More Big Ten night games will be good, but it will take time for fans to adjust

Big Ten night games should be special occasions, not obligations.

That belief is going to change with the Big Ten’s NBC television contract, whether Big Ten fans like it or not. You may not like it, but you’d better get used to it.

That was evident after the news broke that Michigan State and Penn State will play a prime-time game on Black Friday at Ford Field in Detroit. This comes two days after ESPN’s Pete Thamel reported on the obstacles new Big Ten commissioner Tony Petitti faces in completing the deal with NBC after the departure of Kevin Warren. The term “horse dealer” was used. Some Big Ten fans may use a different regional colloquialism.

“Horse … “

More night games are going to pile up. It’s weird at best and gross at worst on first glance to watch a Ford Field Friday game in prime time in November. That belief that prime-time games are special occasions has been diluted.

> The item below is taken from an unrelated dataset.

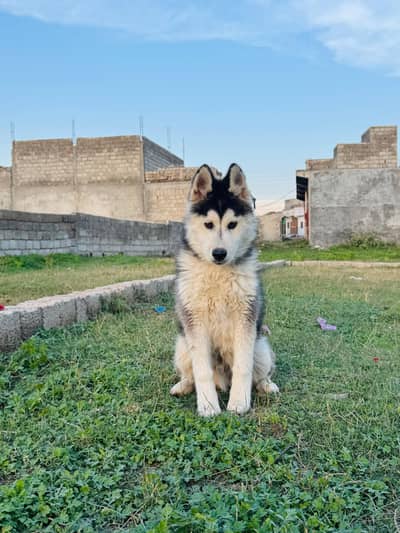 Siberian husky for sale woolly coat and fully active pup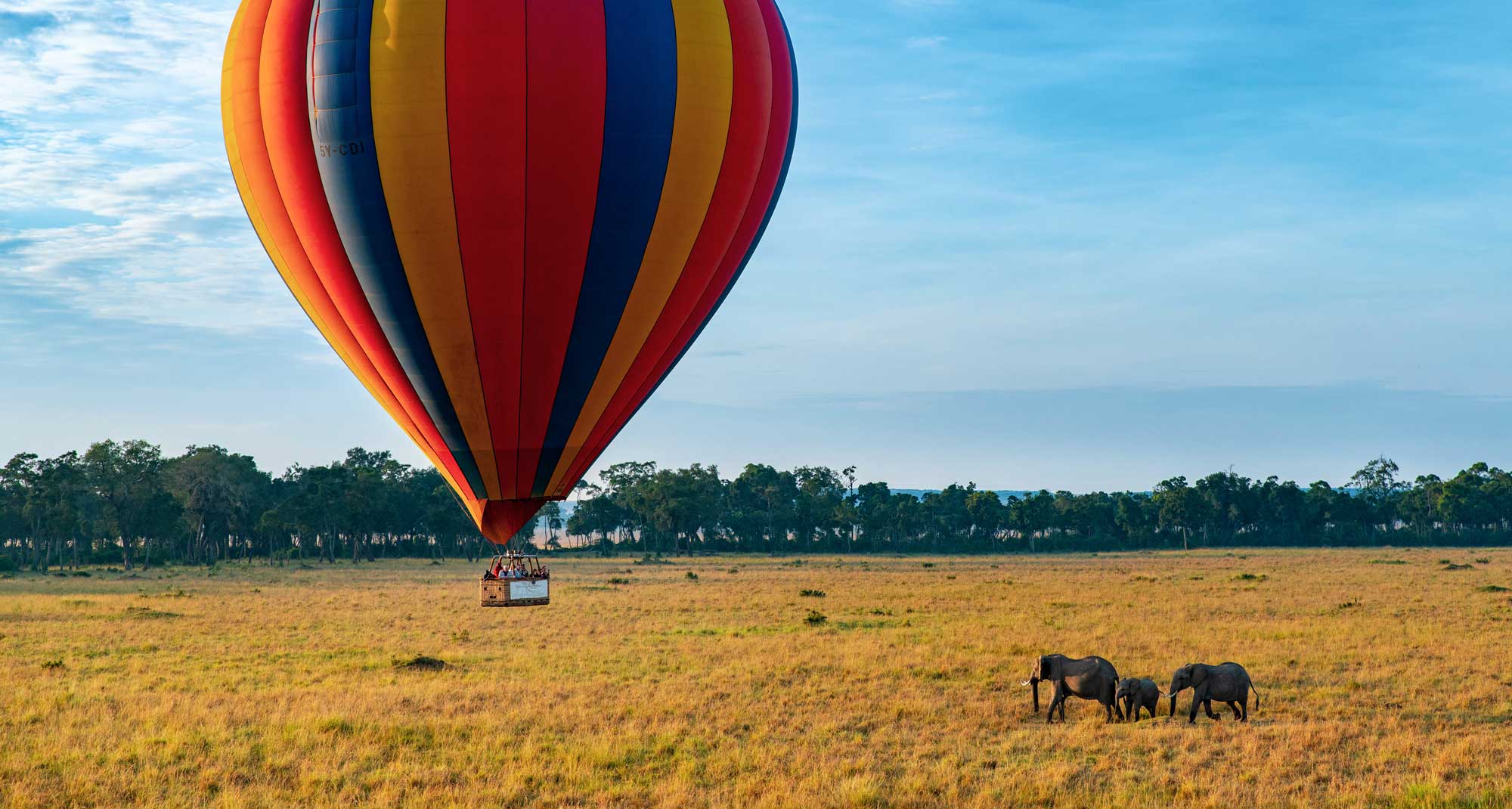 Sky-High Safari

According to the report, “There has been pushback from several schools, including Michigan, Ohio State and Penn State, to play those late-November night games under the new contract.”

MORE: Top 25 QBs in the nation | The 25 best coaches in the country

Well duh. This may seem strange to outsiders to the region, but if you ask a Big Ten fan what their preferred time slot for a game is, then you’d be surprised how many say noon or 3:30 p.m. maximum audience. game. That afternoon time slot is considered prime time, and prime time used to be a special occasion, usually for non-conference games—think #2 Texas at #4 Ohio State in 2005.

Big conference games rarely hit prime time. The 2006 matchup between No. 1 Ohio State and No. 2 Michigan, the crown jewel of the rivalry, was at the 3:30 p.m. Night games can be special, but not when Ohio State beats Toledo 77-21 or Michigan beats Hawaii 56-10. Those were night games last season, by the way.

Ohio State played its first home night game in 1985. Since then, they have played only 26 night games. The Buckeyes have played just 10 home night games against Big Ten opponents.

Michigan played its first home night game in 2011. The Wolverines have played 13 home night games, including seven against Big Ten opponents. Last year’s prime-time matchup against Michigan State ended with an ugly altercation in the Michigan Stadium tunnel.

Add that up, and that’s a total of 40 home night games between the two heavyweights in the conferences. It is to see why there is resistance.

Then there’s Penn State, which has done an annual “White Out” show every season. Is he really a “target away” if he has two or three prime-time home games each year? That is a gray area. The same goes for Iowa and Kinnick Stadium and Wisconsin and Camp Randall Stadium.

Why the reservations on November? The potential for inclement weather is only part of the answer. By November, the Buckeyes and Wolverines are gearing their season toward The Game, which is almost always played, and always should be played, in the noon window. The Black Friday showdown between Iowa and Nebraska has been a success, and perhaps the Michigan State vs. Penn State rivalry can become a Black Friday Night tradition that serves as the right appetizer for The Game.

MORE: Ranking the Big Ten QB situations heading into the fall

Should Big Ten fans get excited about the idea? They were left with no choice when the conference added USC and UCLA, which are two to three hours away depending on the time zone. When the Trojans and Bruins travel across the country to play the heavyweights and vice versa, those games will be in prime time.

NBC’s primetime package will generate more revenue and higher ratings when completed. Noah Eagle, Todd Blackledge, a former Penn State quarterback, and Kathryn Tappen are a top-tier team. Joshua Perry, a former Ohio State linebacker and one of broadcasting’s rising stars, is also part of the coverage. Early season non-conference prime time games in 2023 between Penn State and West Virginia and Ohio State and Notre Dame will be Big Ten wins.

Will that touch the soul of a region of a country that is set in its ways when it comes to when, where and how it likes its Big Ten football? It’s too late for that conversation. The “change of horses” is in progress, and those November night games will be part of the Big Ten experience from now on.

Those special occasions are now obligations. There is no difference now.